Roy Rutherford

Personal information
- Nationality: British
- Born: 4 August 1973 (age 52) Coventry, England
- Height: 5 ft 6 in (168 cm)
- Weight: Featherweight; Super featherweight;

Boxing career

Boxing record
- Total fights: 22
- Wins: 17
- Win by KO: 7
- Losses: 4
- Draws: 1

= Roy Rutherford =

British former professional boxer (born 1973)

Roy Rutherford (born 4 August 1973) is a British former professional boxer who competed from 1998 to 2005. He held the British featherweight title in 2003 and the English super featherweight title from 2004 to 2005.

==Career==
From Coventry, Rutherford won the ABA lightweight championship in 1995, and started his professional career in February 1998 with a 6-round points win over David Kirk. After winning his first 12 fights he suffered his first defeat in October 2000 when he was outpointed by Richard Evatt at the SkyDome Arena.

After a drawn fight with Nikolay Eremeev in April 2001, he stopped Marc Callaghan, Frederic Bonifai, and Dariusz Snarski in his next three contests.

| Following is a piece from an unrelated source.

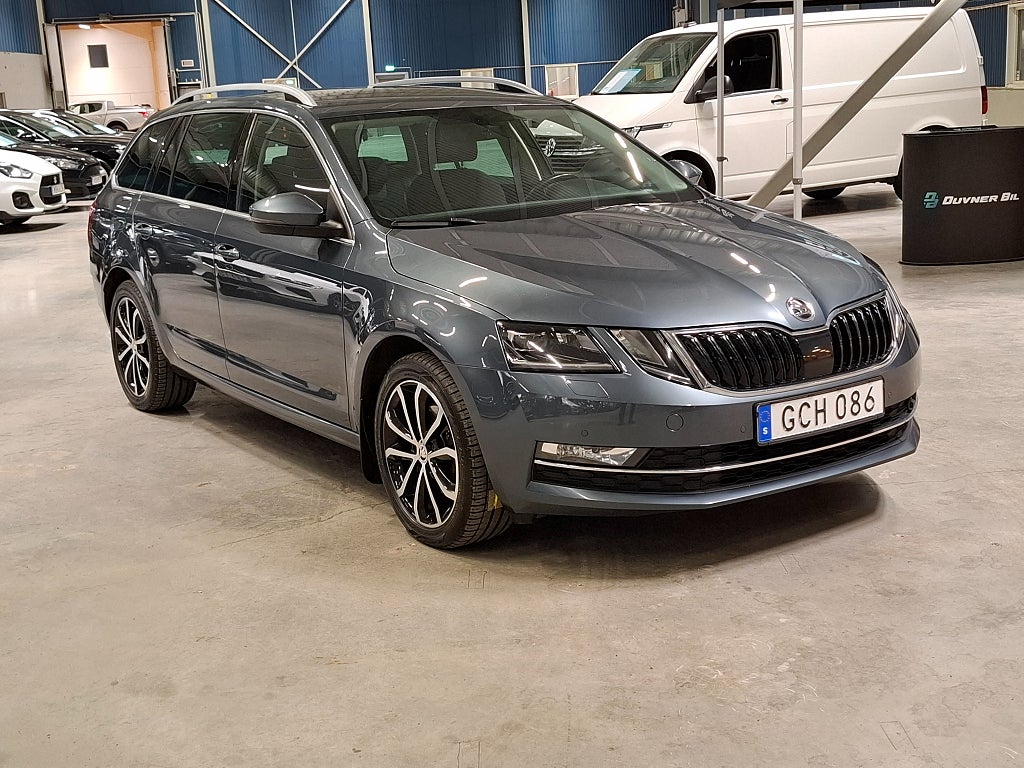Skoda Octavia Kombi 2.0 TDI SCR 4x4 Businessline, Premium, Style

In May 2003 he challenged for Jamie McKeever's British featherweight title in Liverpool; Rutherford won decisively on points to become British champion. He lost the title in his first defence, In November 2003 to Dazzo Williams.

In February 2004, he stopped Steve Chinnock in four rounds to win the English featherweight title. In June he attempted to regain the British title from Williams but lost on points. He defended his English title in October 2005 against Billy Corcoran at the York Hall, Bethnal Green. He retired in the fourth round. This proved to be Rutherford's final fight.